Day: August 5, 2005

  • Migrating Your App to Django

    A few days ago I mentioned Changeset 384 which included a new command, django-admin.py inspectdb <dbname>. It has also been tweaked and improved since it was initially committed. The other day I tried it out on a simple database structure, but I decided to throw a more complex example at it.

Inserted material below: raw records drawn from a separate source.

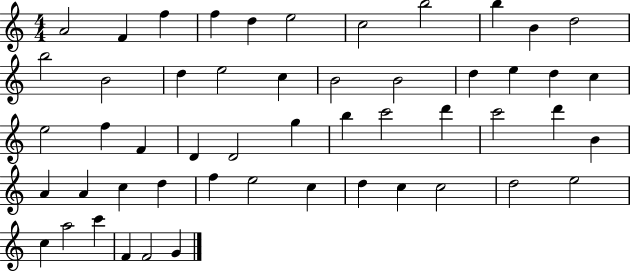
X:1
T:Untitled
M:4/4
L:1/4
K:C
A2 F f f d e2 c2 b2 b B d2 b2 B2 d e2 c B2 B2 d e d c e2 f F D D2 g b c'2 d' c'2 d' B A A c d f e2 c d c c2 d2 e2 c a2 c' F F2 G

    I decided to take the final depot application from the excellent Agile Web Development with Rails book. Beta books rule by the way. I executed the SQL in rails-code/depot_final/db/create.sql from the the code tarball to set up the database structure. I then created a new project with django-admin startproject and edited settings/main.py to tell Django how to log in to my mysql database. After exporting the correct DJANGO_SETTINGS_MODULE I ran django-admin.py inspectdb depot_rails which gave me the following model:

    # This is an auto-generated Django model module.
    # You'll have to do the following manually to clean this up:
    #     * Rearrange models' order
    #     * Add primary_key=True to one field in each model.
    # Feel free to rename the models, but don't rename 
    # db_table values or field names.
    #
    # Also note: You'll have to insert the output of 
    # 'django-admin.py sqlinitialdata [appname]'
    # into your database.
    
    from django.core import meta
    
    class LineItem(meta.Model):
        db_table = 'line_items'
        fields = (
            meta.IntegerField('id'),
            meta.IntegerField('product_id'),
            meta.IntegerField('order_id'),
            meta.IntegerField('quantity'),
            meta.FloatField('unit_price'),
        )
    
    class Order(meta.Model):
        db_table = 'orders'
        fields = (
            meta.IntegerField('id'),
            meta.CharField('name', maxlength=100),
            meta.CharField('email', maxlength=255),
            meta.TextField('address'),
            meta.CharField('pay_type', maxlength=10),
            meta.DateTimeField('shipped_at'),
        )
    
    class Product(meta.Model):
        db_table = 'products'
        fields = (
            meta.IntegerField('id'),
            meta.CharField('title', maxlength=100),
            meta.TextField('description'),
            meta.CharField('image_url', maxlength=200),
            meta.FloatField('price'),
            meta.DateTimeField('date_available'),
        )
    
    class User(meta.Model):
        db_table = 'users'
        fields = (
            meta.IntegerField('id'),
            meta.CharField('name', maxlength=100),
            meta.CharField('hashed_password', maxlength=40),
        )

    Per the comment block at the top, you’re not home free yet, but at lot of tedious work has been done for you. This should definitely jumpstart the porting of existing applications to the Django platform.

  • Swik is Slick

    Swik by SourceLabs is really awesome. It’s part wiki and part search engine. I first heard about it through the Django page, but have since poked around and there’s a lot of great information there. There’s a plethora of information on Ajax and related technologies, platforms, and projects. Swik is also folksonomy-enabled (buzzword++). For example, here’s the framework tag, python tag and java tag.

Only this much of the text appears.